Virtual sensing is the art of measuring a quantity at a certain spatial position without having a physical sensor placed at that exact same position. In practical applications, this technique is sometimes very useful, when it is not feasible to put the sensor at the position where the physical quantity should be measured. For example, a virtual microphone could be considered in the following scenario: The sound level, preliminary school environment, should be studied at the different students head positions. In order to get statistical relevant data, the measurement has to be carried out over a period of time. However, it is not a feasible approach to use a large number of microphones hanging from the ceiling at the students head level, over a longer period of time for obvious reasons. One thoughtful solution, in such a situation is to put microphones at the walls and close to the ceiling and using the virtual technique to calculate the noise level at the students head positions based on the measure data. An advantage in such large setup is that it often requires less physical sensors than the number of virtual measurement positions and at the same time features a better validation and sanity check of the data. The most popular application areas for virtual microphones are in active noise control (ANC) or active structural acoustic control (ASAC), where the aim is to move the zone of quietness away from the physical error microphones to the desired location of maximum attenuation. However, there is an important difference between virtual sensing for active control and virtual sensing for a pure measurement situation concerning the delays introduced by virtual sensing technique.

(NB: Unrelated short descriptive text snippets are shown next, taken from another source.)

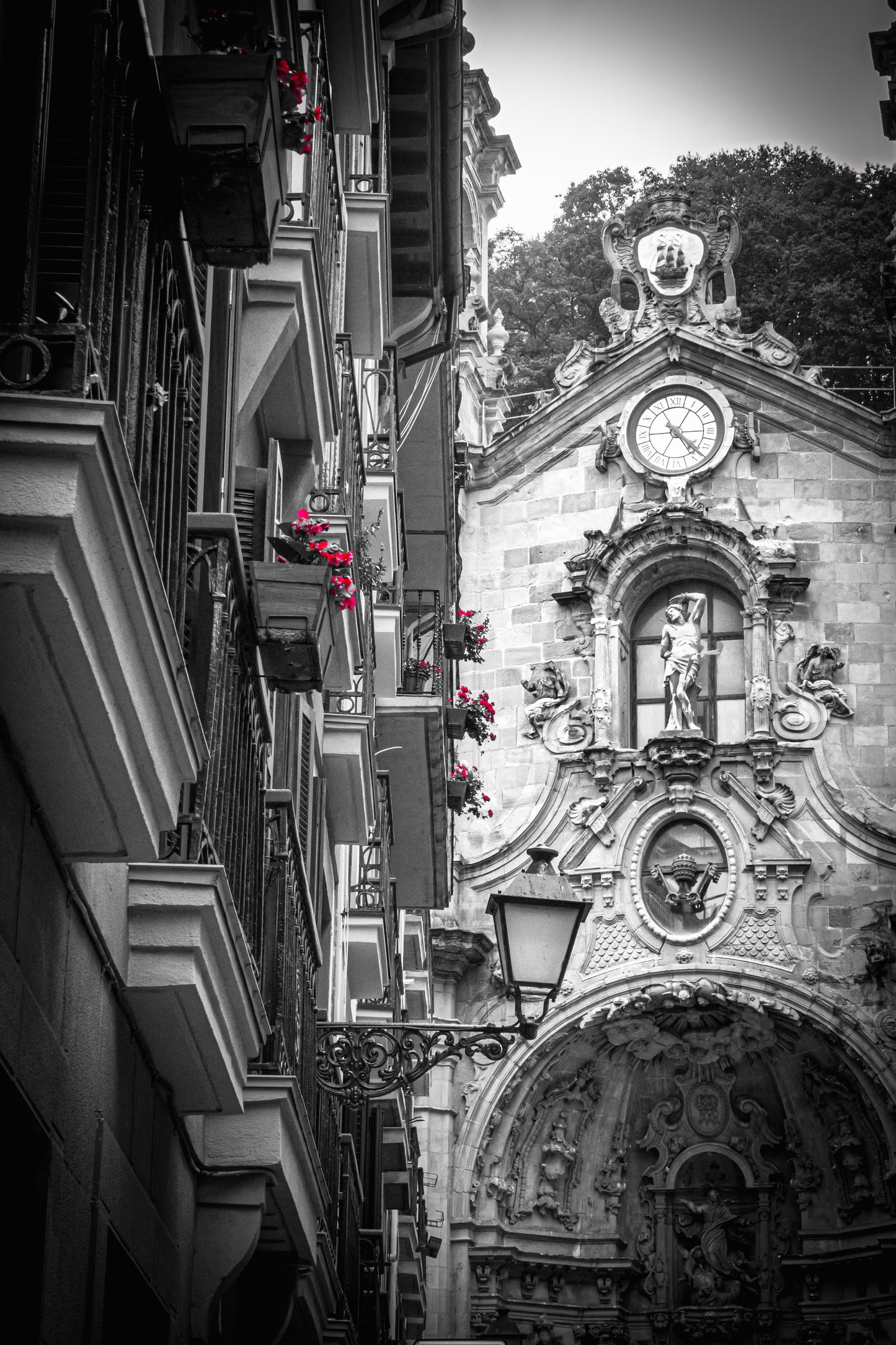 Old Town - SAN SEBASTIÁN - Photo - Photographer Martin Fisher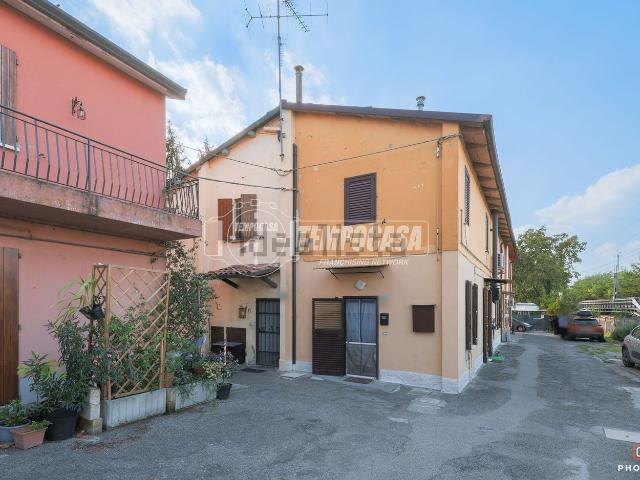Casa in vendita a Zolino, Imola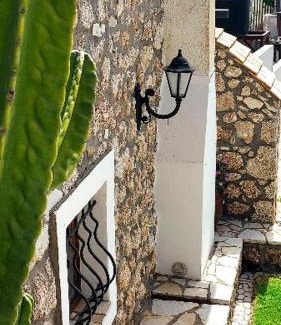 Agios Petros House | Exceptional Stay at Three Hearts - 4 Star Guest Rated 10/10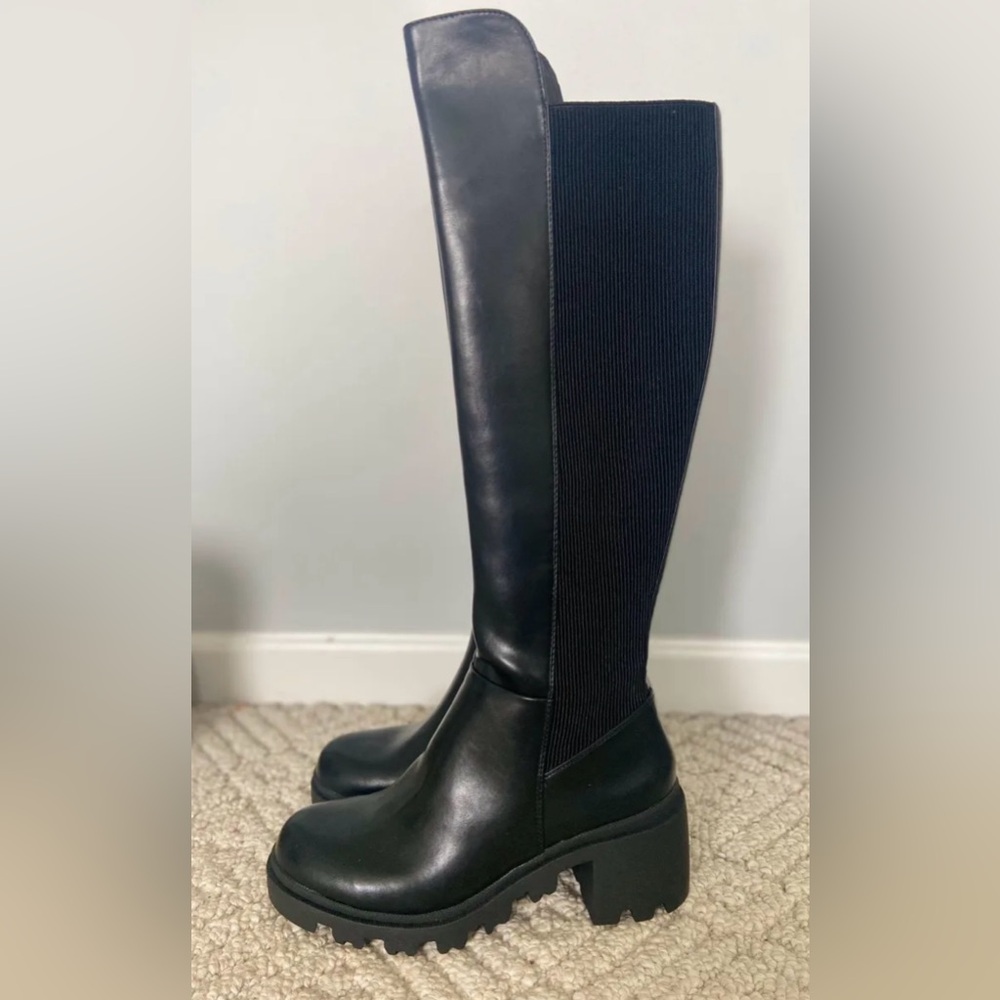 Black Knee-High Women's Boots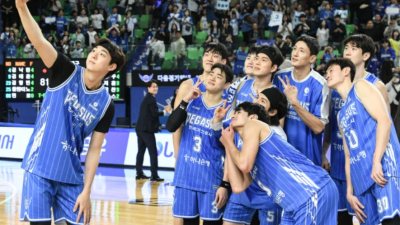 한국가스공사, SK에 83-81 극적 신승…개막 8연패 탈출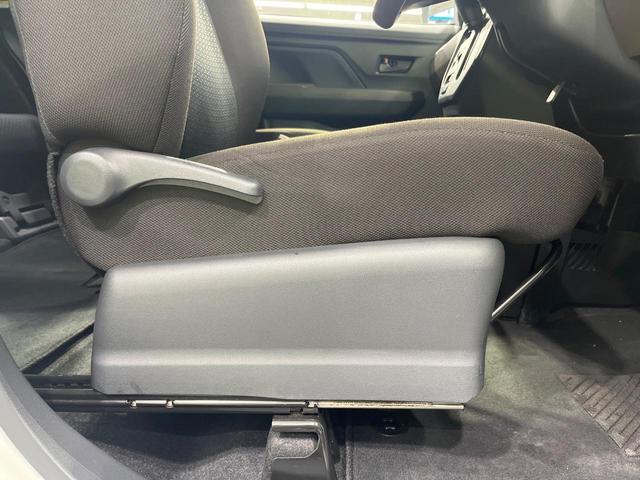 ルーミー Ｘ　禁煙車　電動スライドドア　純正ＳＤナビ　バックカメラ　Ｂｌｕｅｔｏｏｔｈ　ビルトインＥＴＣ　衝突被害軽減システム　ロールサンシェード　コーナーセンサー　スマートキー　オートハイビーム　オートライト（28枚目）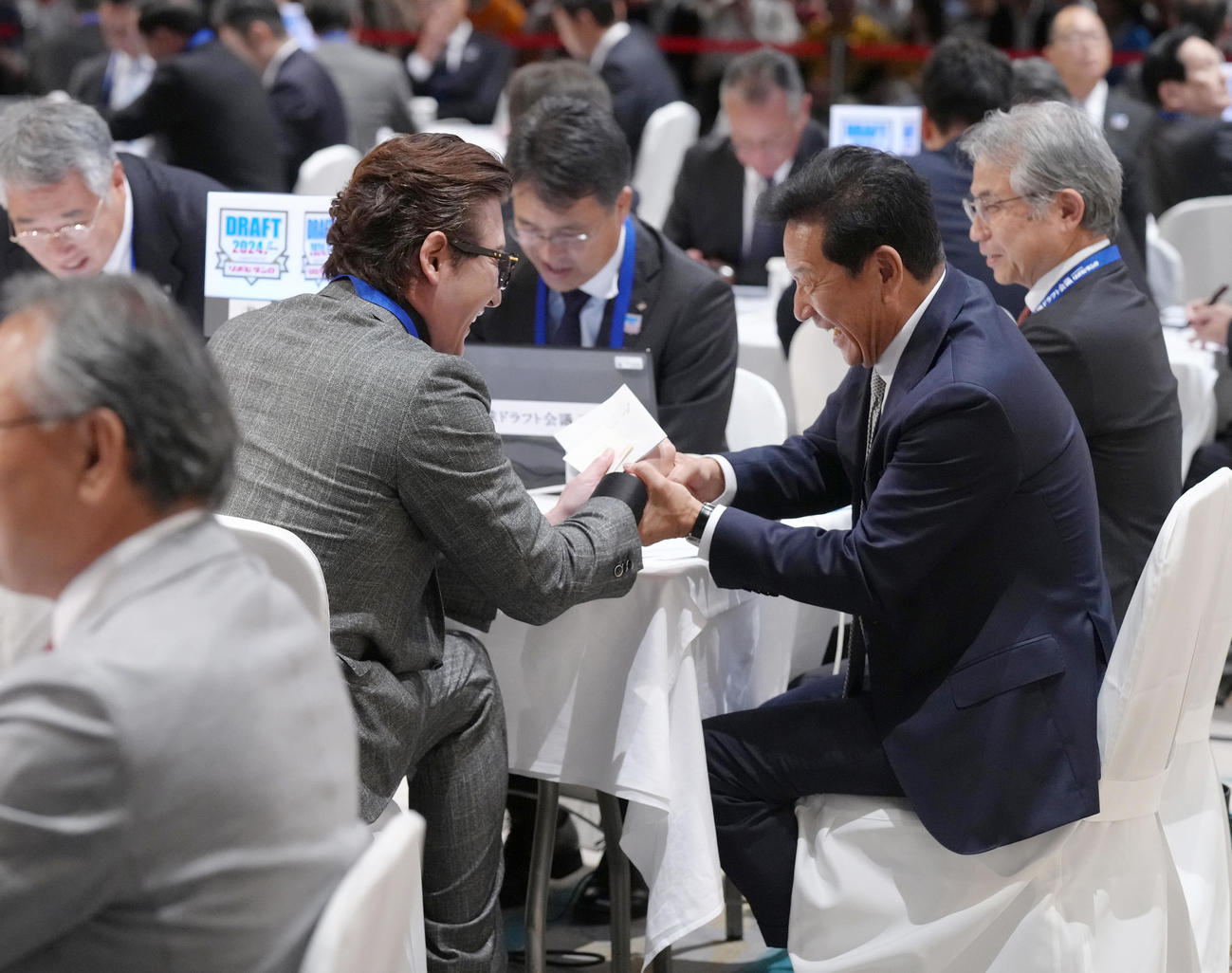 福岡大大濠・柴田の指名権獲得し喜び合う、日本ハム新庄監督（左）と栗山英樹CBO（代表撮影）
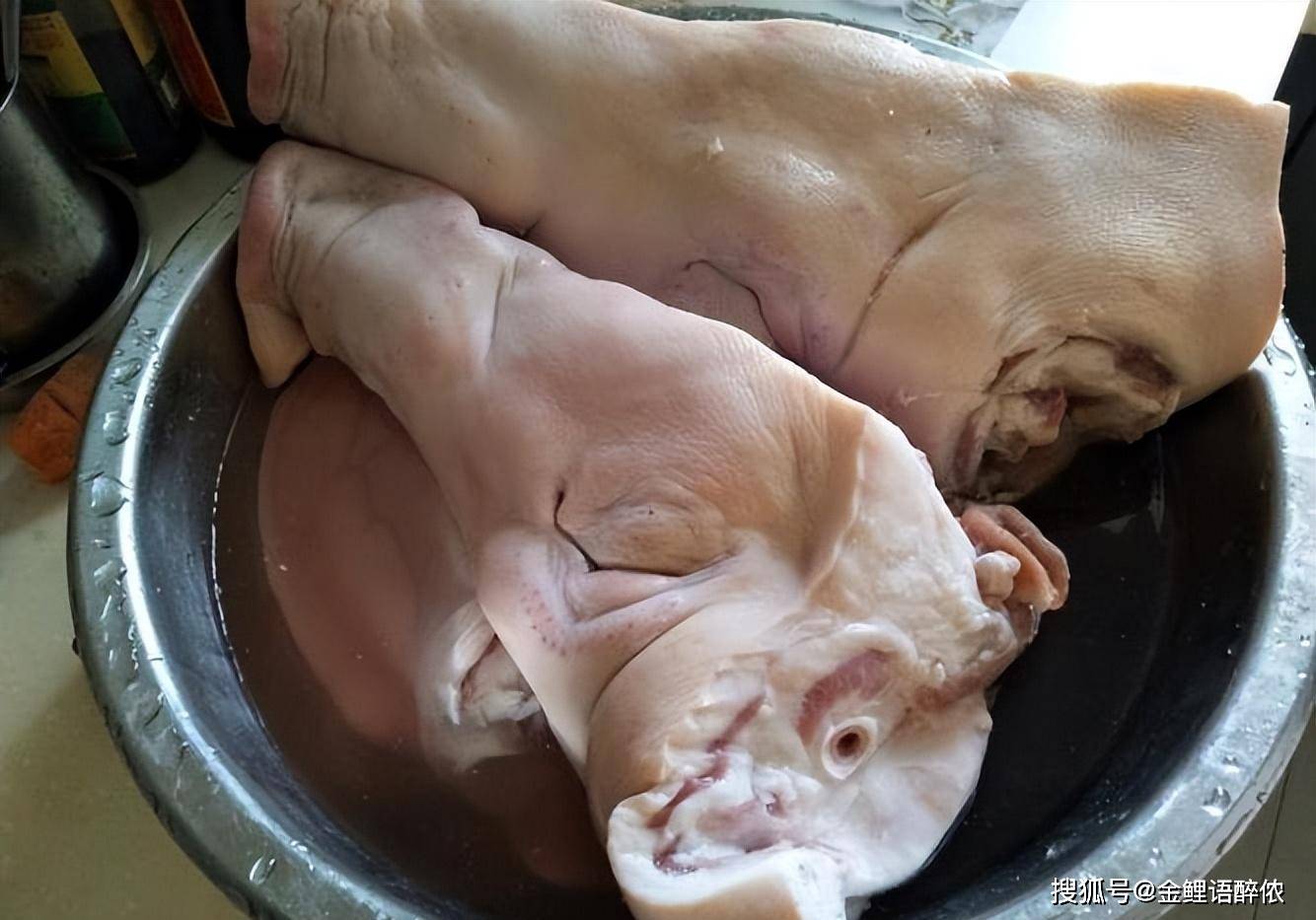 鸿运当头这道菜啊,一只猪头可以做2份,首先咱们把一整只猪头,劈开脑花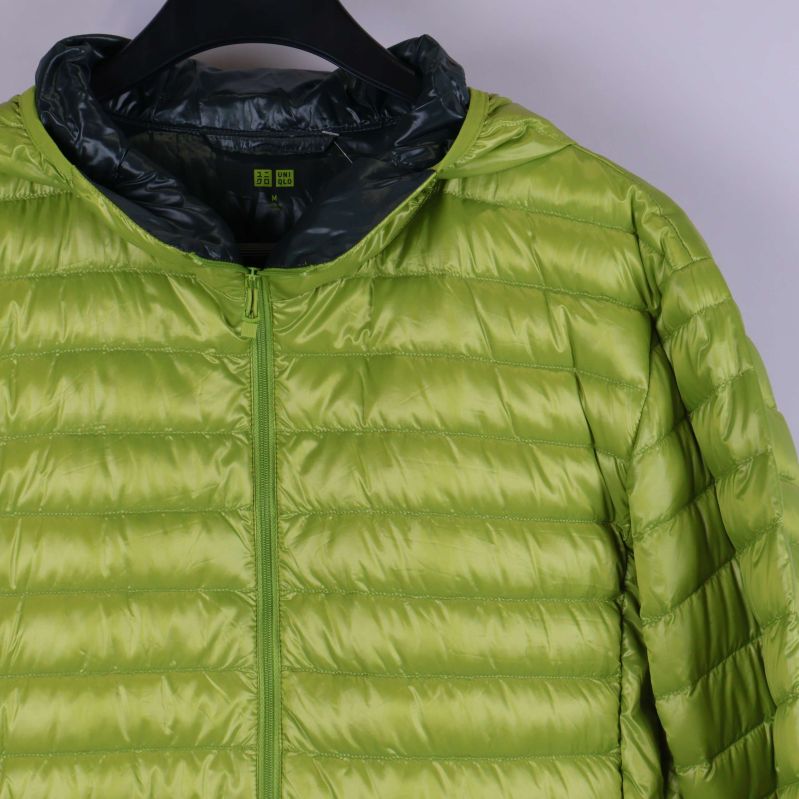 Närbild på jackans front och krage utan huvan uppfälld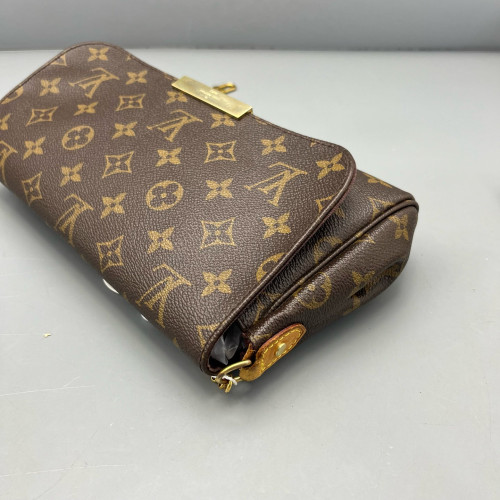 Louis Vuitton Favorite MM Monogram Brown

This specific thesis work deals with the calculus of all the possible paths and reflections followed by a sound wave between the source and a given destination point, by using virtual transducers in an enclosed environment where reverberation exists. The aim of this work is to determine how to calculate that impulse response in a rectangular room in which the walls have uniform reflection coefficients and there isn’t any kind of furniture inside. Besides, this project specifies a simple way to make this calculus taking into account several sources and destinations.
Developed in MATLAB, the code can be found in the second half of the thesis report.